ASSIGNED TASK:
Restate word for word the lines below, from the one containing "Casa à venda" through the final line, with no pictures included.

___

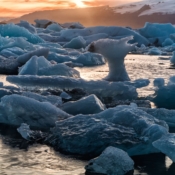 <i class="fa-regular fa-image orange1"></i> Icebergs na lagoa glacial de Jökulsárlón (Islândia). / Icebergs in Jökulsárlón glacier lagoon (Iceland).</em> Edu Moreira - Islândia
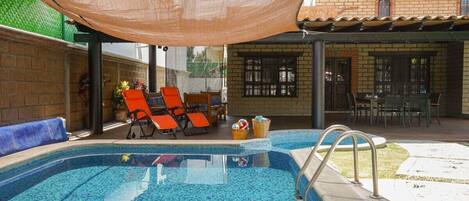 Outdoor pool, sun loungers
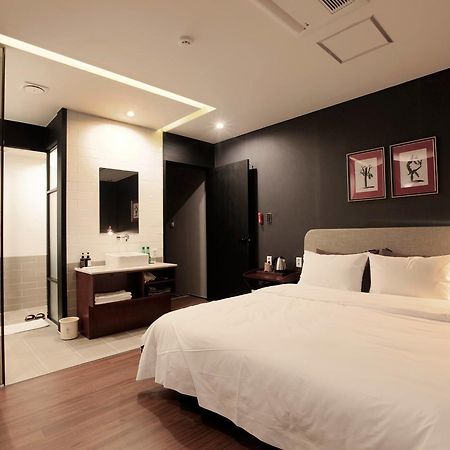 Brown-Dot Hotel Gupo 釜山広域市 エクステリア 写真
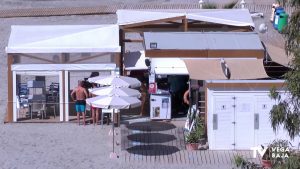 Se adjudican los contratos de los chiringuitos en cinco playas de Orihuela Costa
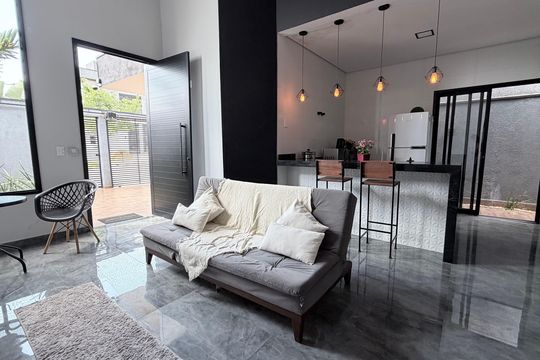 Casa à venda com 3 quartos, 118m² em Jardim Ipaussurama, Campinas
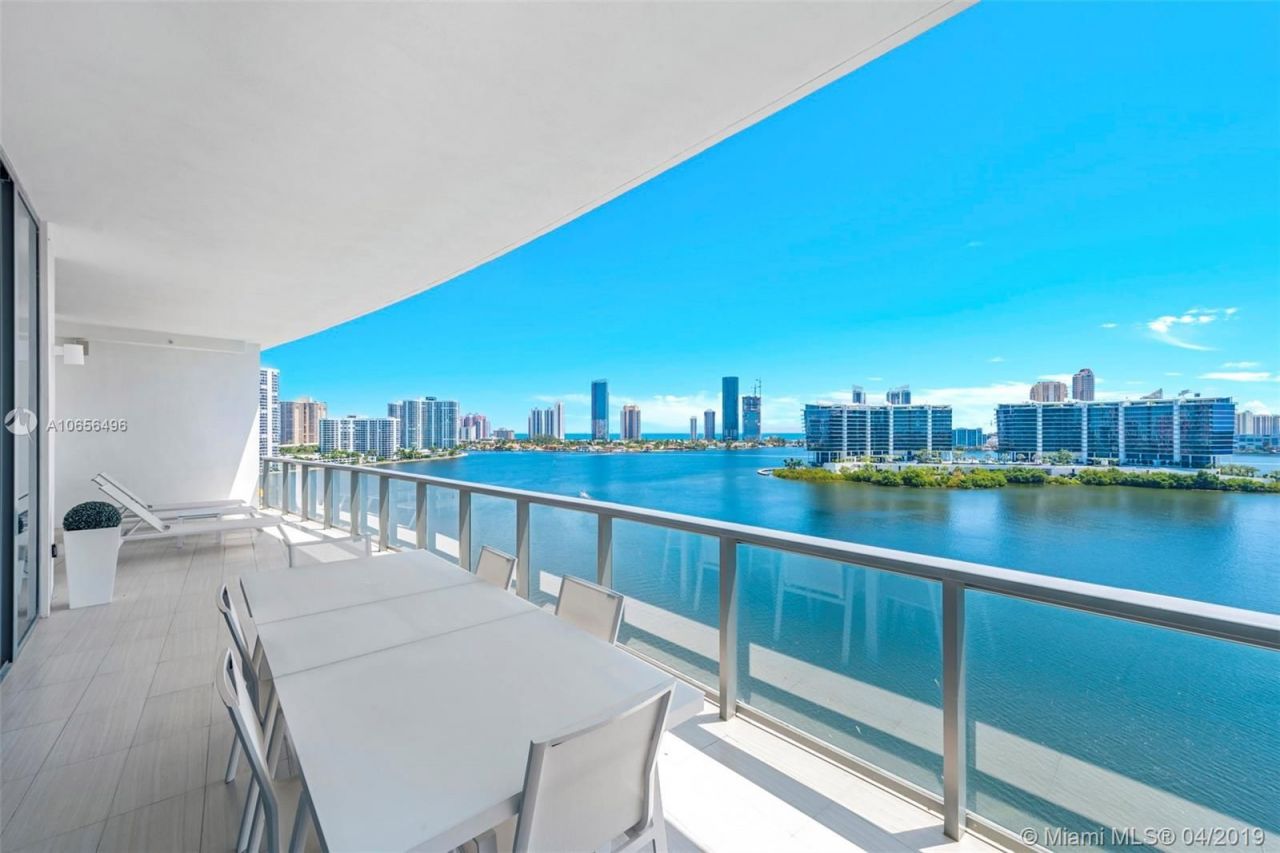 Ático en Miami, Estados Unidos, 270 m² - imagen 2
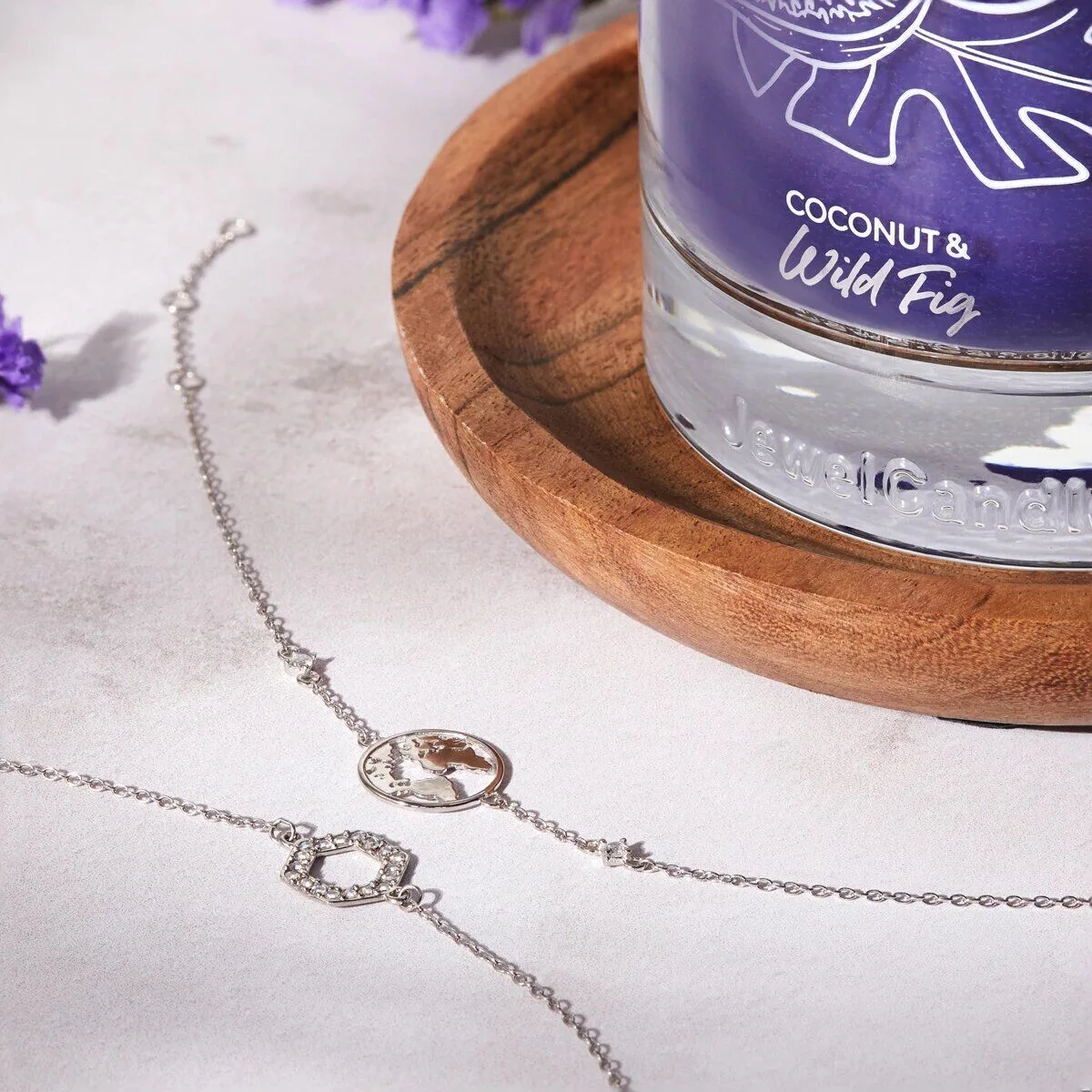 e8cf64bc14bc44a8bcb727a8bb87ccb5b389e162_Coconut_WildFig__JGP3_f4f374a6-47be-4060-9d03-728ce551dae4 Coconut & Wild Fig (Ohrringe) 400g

___

RESULT OF THIS TASK:
 Casa à venda com 3 quartos, 118m² em Jardim Ipaussurama, Campinas
 Ático en Miami, Estados Unidos, 270 m² - imagen 2
 e8cf64bc14bc44a8bcb727a8bb87ccb5b389e162_Coconut_WildFig__JGP3_f4f374a6-47be-4060-9d03-728ce551dae4 Coconut & Wild Fig (Ohrringe) 400g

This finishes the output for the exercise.